The Cooling Pearls excel in dark tales that live and breathe an all but forgotten medieval era. This is not just achieved with the low-fi instrumentation, but with an unusual approach to harmony and melody also. The songs that comprise ‘The Honoured Meal Of The Stranger’ feel strangely comfortable in their unflinching skin (even if listening to it isn’t always as comfortable), and at its best this beautiful collection achieves a previously untapped sense of melancholic darkness. Fans of fellow local folk outfit Samuel Zasada will feel in familiar territory with this album, there is a tense uncertainty to many of the songs that they share, in mood at least, with SZ. Listeners who are new to this approach to folk music will be overjoyed to hear how beautiful lonesome darkness can sound when pieced together in this way. Some of the tracks here have a surprising depth too; initially it feels as if each song was built upon a minimalist approach, but further listens expose subtle, delicate layers that guide the tracks with an innate sadness. This use of additional instruments stays true to the aged feel of the songs however as the low-fi ethic remains and you barely notice the over dubs. ‘Honoured Meal…’ is not perfect however. ‘Hot Lovin’ In The Western World’, is as the name might suggests, a clumsy and stale effort that feels a little like left-overs. A song that may have once started as a light-hearted venture and somehow achieved the status of ‘serious song’; Humour doesn’t suit The Cooling Pearls. On the whole though, the beautiful and longing sadness is maintained throughout ‘The Honoured Meal Of The Stranger’, and although this may not lend it well to listening to it in its entirety, (I found splitting it in half, served the unceasing melancholy best) it is a genuinely original collection of songs that seem to physically enjoy winning you over. There is nothing else like this in Oxford, and I can’t imagine this sound replicated by anyone else but The Cooling Pearls. We are lucky to have them. - Oxford Music Blog, Nov '10.

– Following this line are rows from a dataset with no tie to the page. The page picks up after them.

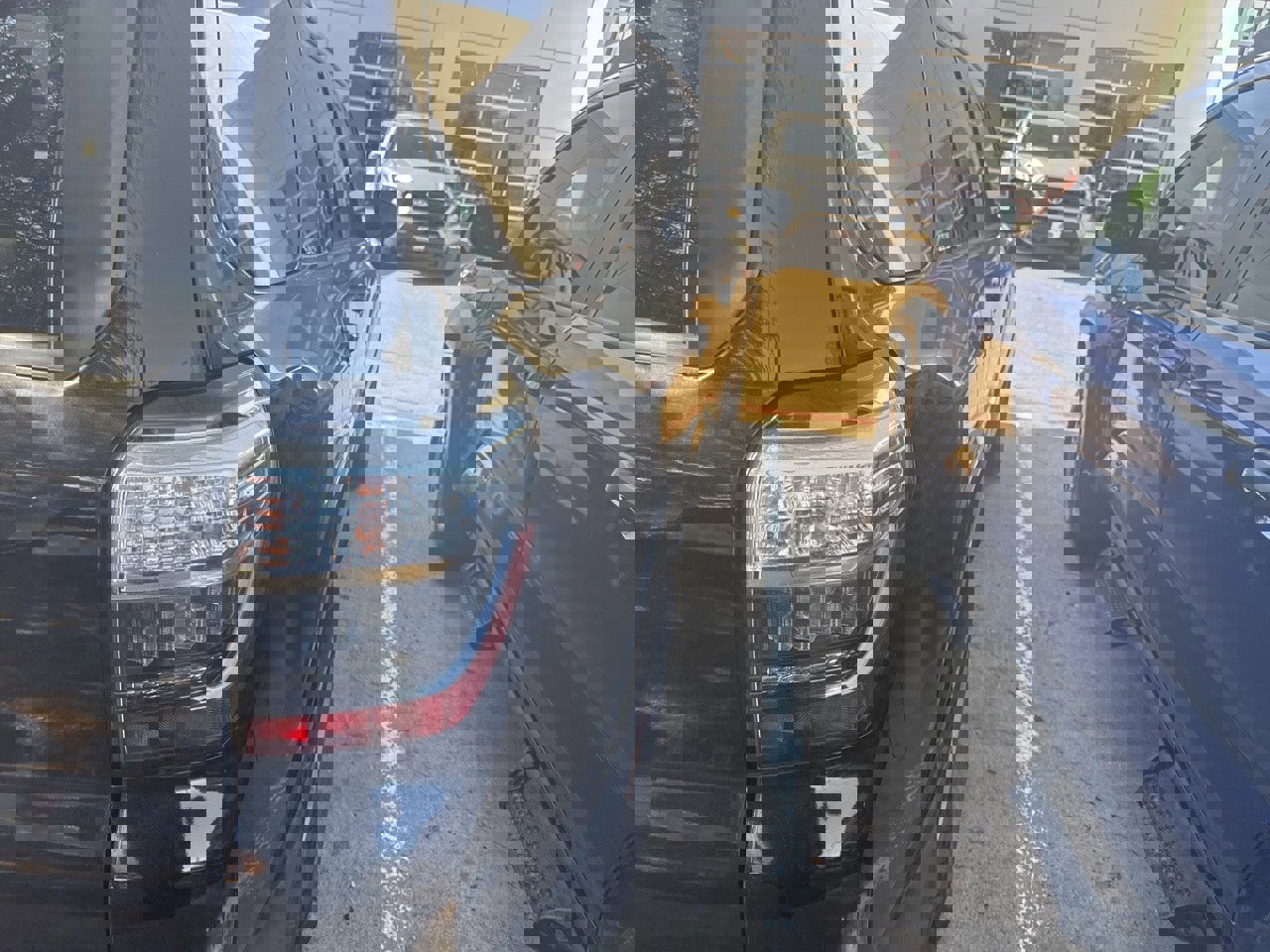 Used 2014 Toyota 4Runner SR5 image 8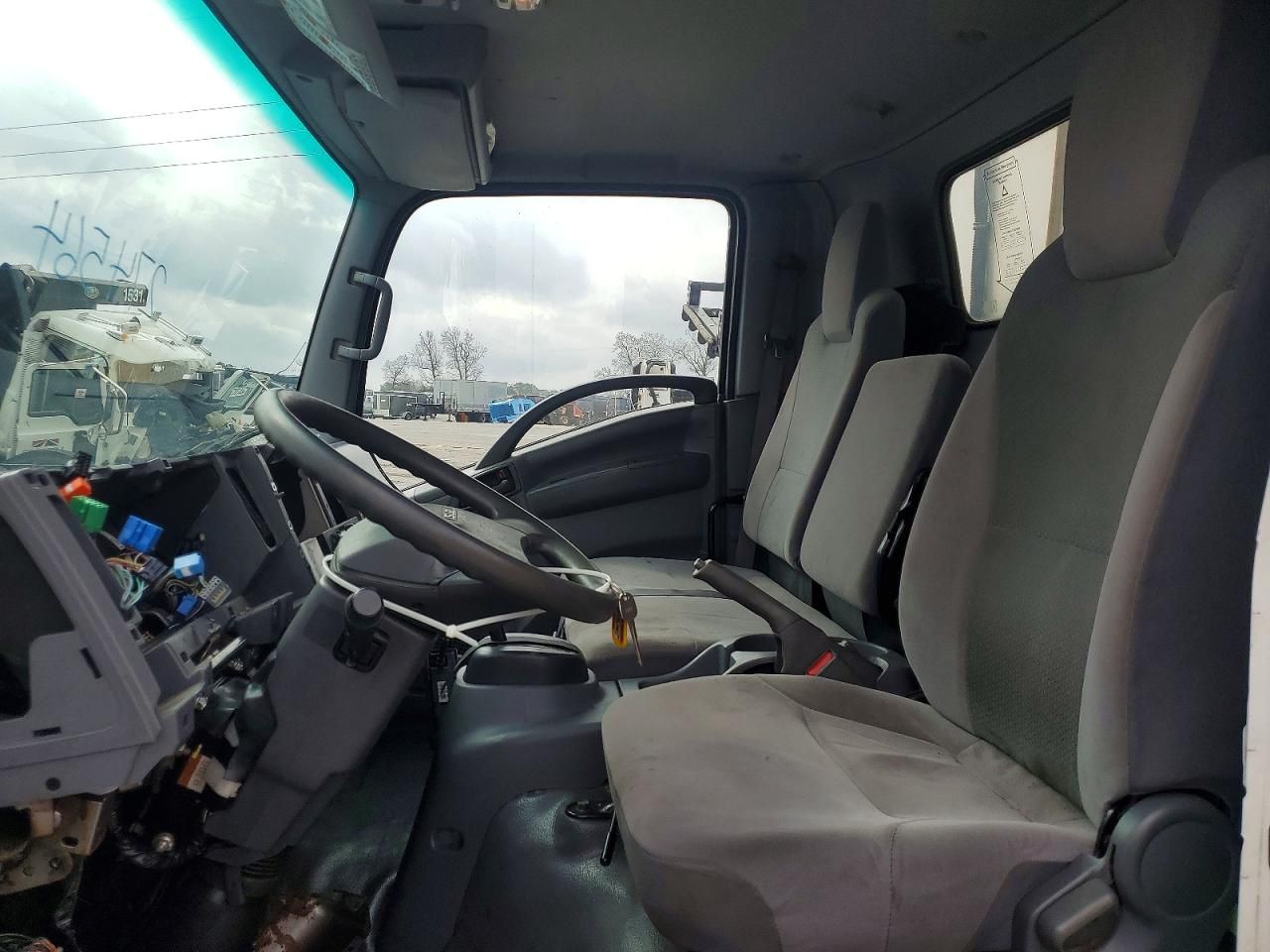 2019 Isuzu NRR Refrigerated BOX Truck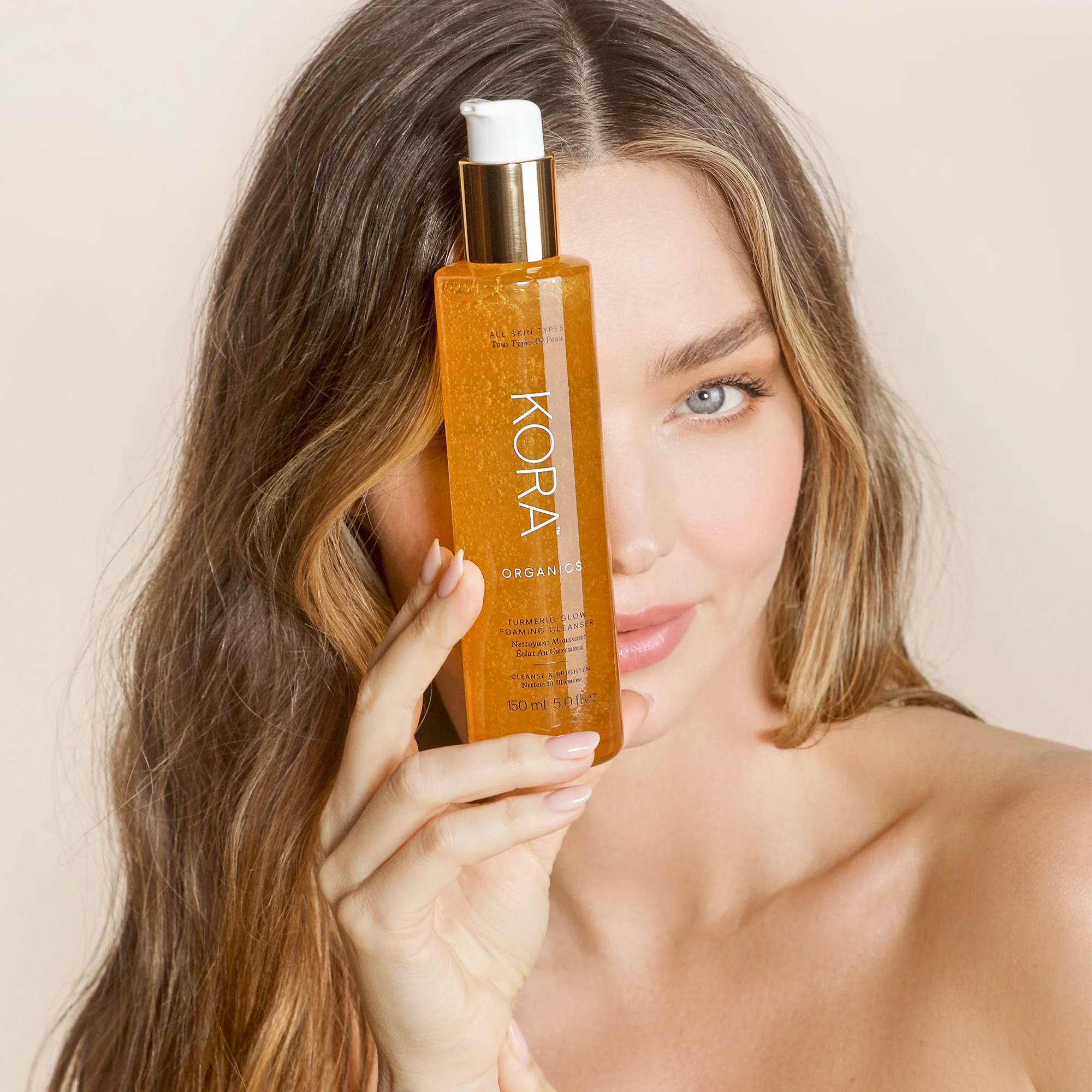 Turmeric Glow Foaming Cleanser - Image 7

'The Honoured Meal of the Stranger' 2010 (self-released LP)



Conjoured up by Aiden Canaday, Oxford folk collective The Cooling Pearls have been active in parts since late 2006, but it seems that only now are they taking themselves seriously. Aided wonderfully by multi-instrumentalists and good friends Alex Pratchett and Sian Williams, the trio wrote and recorded an album in 2010. Encouraged by praise from the local press they have augmented their line up with musicians from other Oxford acts including We Aeronauts and The Mountain Parade.

Their live shows are getting less rare.